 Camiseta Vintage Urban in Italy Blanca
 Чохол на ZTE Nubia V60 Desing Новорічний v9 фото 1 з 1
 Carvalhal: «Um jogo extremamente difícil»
+++
■ **WORK ITEM**:
Copy the entire listing above, line for line, exactly.

■ **ANSWER TO THE PROBLEM**:
 Camiseta Vintage Urban in Italy Blanca
 Чохол на ZTE Nubia V60 Desing Новорічний v9 фото 1 з 1
 Carvalhal: «Um jogo extremamente difícil»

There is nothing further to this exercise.